Quantcast

Cake topper: Park Slope pastry chef wins big in frosting art contest

Cake topper: Park Slope pastry chef wins big in frosting art contest
Photo by Elizabeth Graham

This Park Slope pastry chef takes the cake.

Madison Lee Mangino has earned international praise for her strikingly realistic sugar flower designs after placing at the top of a premier cake art contest that’s essentially the Olympics for frosting aficionados.

Mangino, who works at Cousin John’s Cafe & Bakery, was one of seven frosting designers out of 45 total competitors to take top honors at the British Sugarcraft Guild — where she crafted a pink cherry blossom branch and showcased it atop a three-tier cake model.

“I turned my apartment into a sugar studio,” she said. “It takes hours: you have all these little petals to make.”

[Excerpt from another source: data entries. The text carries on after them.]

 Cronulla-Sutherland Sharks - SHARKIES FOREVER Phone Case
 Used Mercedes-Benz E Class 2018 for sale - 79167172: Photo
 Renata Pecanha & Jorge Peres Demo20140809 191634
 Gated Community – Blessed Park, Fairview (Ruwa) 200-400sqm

She first piped and embroidered a fake styrofoam cake, then mixed, shaded, and sculpted the edible flowers on top.

Mangino then flew to London with a duffle bag stuffed with baking supplies and discovered she would face some stiff competition: dozens of elderly British women, some of whom have been designing cakes for decades.

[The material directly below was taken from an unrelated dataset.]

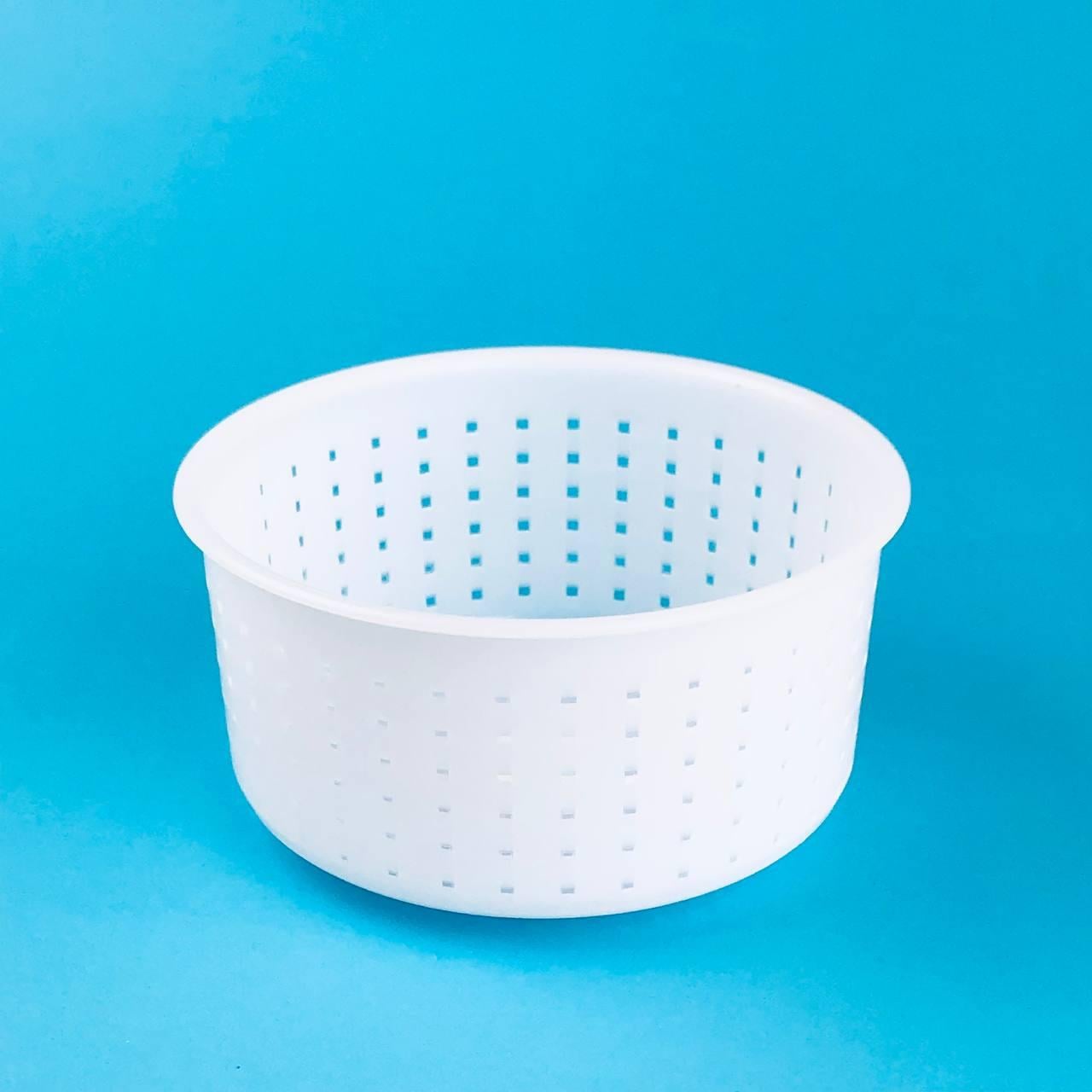 Форма для приготовления сыра сулугуни круглая 0,8 л (27993)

But judges who use a 52-page handbook to rank the frosting artists according to technique were impressed by the Brooklyn baker, awarding her with 93 points out of a possible 100 last month (there is no formal winner, just “commended” contestants such as Mangino).

Her shop now sells similar “dummy cakes” that can add a flowery flourish to baby showers, weddings, and other events.

“It’s all about being artistic,” she said.